*** MATERIAL SUPPLIED ***

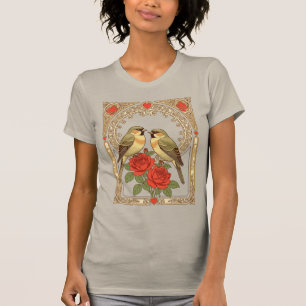 Affectionate Birds and Red Roses Art Nouveau T-Shirt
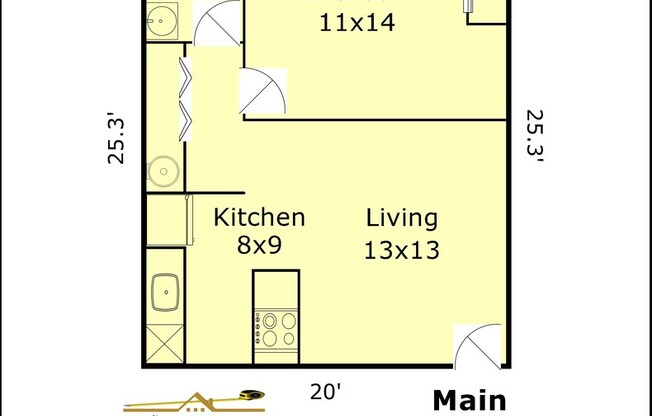 1 bed, 1 bath, 505 sqft, $1,075, Unit 18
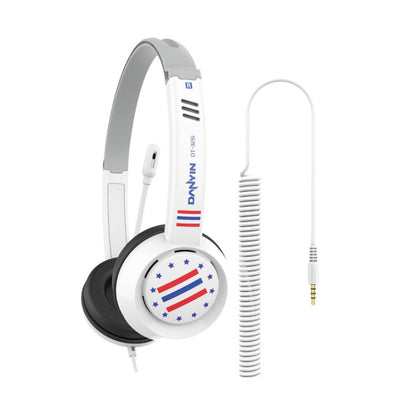 DANYIN DT326 Head-mounted Desktop Computer Children Learning Wire Headset with Microphone, Cable Length:1.8m, Style:Star Flag(White) - Computer & Networking by Danyin | Online Shopping UK | buy2fix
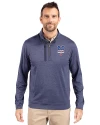 New York Mets Stars & Stripes Cutter & Buck Stealth Heathered Quarter Zip Mens Pullover Liberty Navy Front Thumbnail Image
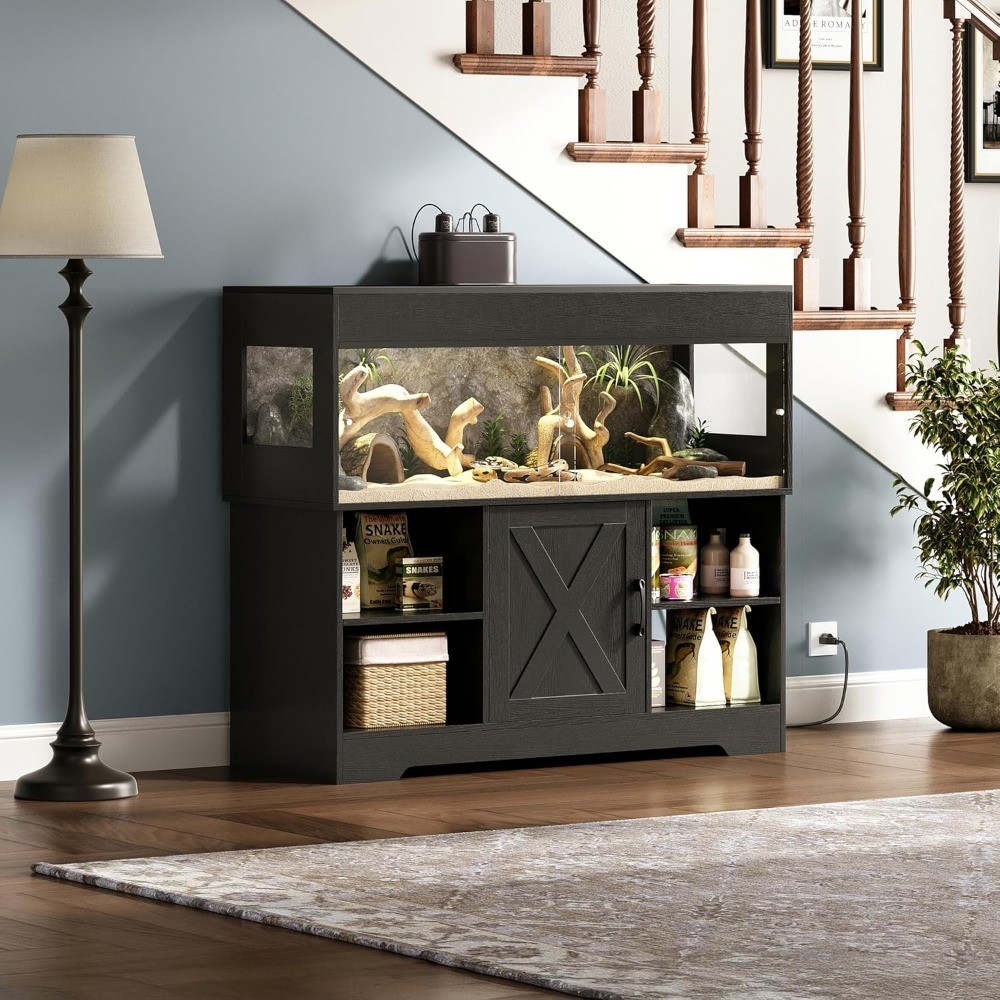 Large 60 Gallon Reptile Tank Terrarium with Stand and Storage Cabinet for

*** End of MATERIAL SUPPLIED ***

→ **EXERCISE GOAL**:
Beginning with the line containing "DANYIN DT326 Head-mounted" and ending with the last line of the material, output each line exactly; do not include pictures.

→ **ANSWER TO THE EXERCISE**:
 DANYIN DT326 Head-mounted Desktop Computer Children Learning Wire Headset with Microphone, Cable Length:1.8m, Style:Star Flag(White) - Computer & Networking by Danyin | Online Shopping UK | buy2fix
 New York Mets Stars & Stripes Cutter & Buck Stealth Heathered Quarter Zip Mens Pullover Liberty Navy Front Thumbnail Image
 Large 60 Gallon Reptile Tank Terrarium with Stand and Storage Cabinet for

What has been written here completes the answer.